I first heard the news in French, on French TV. My initial thoughts were surely this is a joke? Turning on the English radio, however confirmed that the United Kingdom had indeed voted to leave the European Union.
I feel sad about this. Last year I returned to live in the UK after six years living in Australia with a new sense of gratitude and pride in being part of a larger European collective with a rich history, architecture and idiosyncratic cultures.
Yes, we’re still part of Europe but the relationship will never be the same again. It’s because of this, that leaving feels similar to a real life break-up. Anyone who’s been through a break-up, be it amicable or a heart wrenchingly bad, will know that how you think, feel and act afterwards, is proportional to how quickly you move on.
To me, David Cameron’s speech was a role model of how to act well, after a break up. Put aside whether you like him or not and whether you agree with what he stands for. It’s almost bitter sweet that Cameron’s greatest display of inspirational leadership was in accepting personal defeat. His graceful and dignified acceptance of the nations decision made me proud to be British.
In time we can only hope that the imminent uncertainly and disruption will be worth it in the long run. Like most breakups this one will likely have its share of headaches, tears, drama and celebrations in the coming months. But such is life – we have most to gain when we take risks, we learn from our experience, by trying our best and by occasionally failing.
Change brings hope
Let’s not forget that change can also brings hope and opportunity. Here Cameron did a noble thing stepping down, stating that, ‘the country requires fresh leadership to take it in this direction… I do not think it would be right for me to try to be the captain that steers our country to its next destination’.

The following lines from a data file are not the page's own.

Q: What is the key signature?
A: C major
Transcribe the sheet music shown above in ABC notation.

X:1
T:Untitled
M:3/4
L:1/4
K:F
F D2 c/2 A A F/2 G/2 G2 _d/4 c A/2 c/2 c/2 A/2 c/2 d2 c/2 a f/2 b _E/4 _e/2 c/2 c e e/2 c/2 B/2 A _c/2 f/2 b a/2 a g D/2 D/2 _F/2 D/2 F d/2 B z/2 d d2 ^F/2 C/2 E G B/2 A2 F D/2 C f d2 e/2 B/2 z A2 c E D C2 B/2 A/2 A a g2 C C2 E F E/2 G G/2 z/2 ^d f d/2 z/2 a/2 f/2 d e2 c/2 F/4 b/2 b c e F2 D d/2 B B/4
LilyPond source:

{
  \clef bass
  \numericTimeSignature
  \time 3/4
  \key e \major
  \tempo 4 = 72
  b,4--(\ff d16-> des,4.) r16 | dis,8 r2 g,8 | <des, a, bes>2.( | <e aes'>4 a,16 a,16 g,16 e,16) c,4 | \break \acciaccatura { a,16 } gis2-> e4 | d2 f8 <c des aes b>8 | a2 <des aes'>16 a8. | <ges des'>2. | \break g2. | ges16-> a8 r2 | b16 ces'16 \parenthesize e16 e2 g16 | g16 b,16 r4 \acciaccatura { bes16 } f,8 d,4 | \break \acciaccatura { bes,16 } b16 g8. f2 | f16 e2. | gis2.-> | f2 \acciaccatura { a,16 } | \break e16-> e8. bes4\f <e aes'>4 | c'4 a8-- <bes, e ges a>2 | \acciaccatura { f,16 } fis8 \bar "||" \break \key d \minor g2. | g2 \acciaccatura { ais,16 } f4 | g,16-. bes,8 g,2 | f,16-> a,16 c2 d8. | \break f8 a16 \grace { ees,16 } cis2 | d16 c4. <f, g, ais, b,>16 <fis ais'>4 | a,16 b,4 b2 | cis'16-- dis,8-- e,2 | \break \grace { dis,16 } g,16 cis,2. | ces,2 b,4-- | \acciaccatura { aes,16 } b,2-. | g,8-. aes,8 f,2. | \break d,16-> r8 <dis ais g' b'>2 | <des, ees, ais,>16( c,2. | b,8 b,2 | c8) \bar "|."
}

The choice of the next prime minister will be critical in leading a positive transition, instilling hope and passion. But true leadership does not come from one person. Politicians do not decided if we have a good life or a bad one. We are the leaders in our own lives and in the culture we collectively create.
At the end of any relationship, there’s a time for denial, disbelief and anger. Emotions we have seen play out on Facebook, Twitter and TV all day. But these things do little to help us move forward. No one really know’s what benefits and opportunities leaving will bring. But there’s certainly nothing to gain by continuing to debate a decision that has been democratically made. Surely our attitude towards opportunity and how we come together now is a more important ingredient for success than any membership to a trading agreement?
Over the last year we have picked our teams, stay or leave. For those who voted remain, there’s now one more decision to make – how to act next. Whinge about it and focus on the negative, or choose to view it as an opportunity and make the most of it.
Whilst I would have preferred us to have stayed in the EU. When I look at the bigger picture I’m exceptionally grateful that we live in a democracy and have the freedom to decide our own future. So, I’m choosing to back those who voted leave 100%, because we are a United Kingdom after all.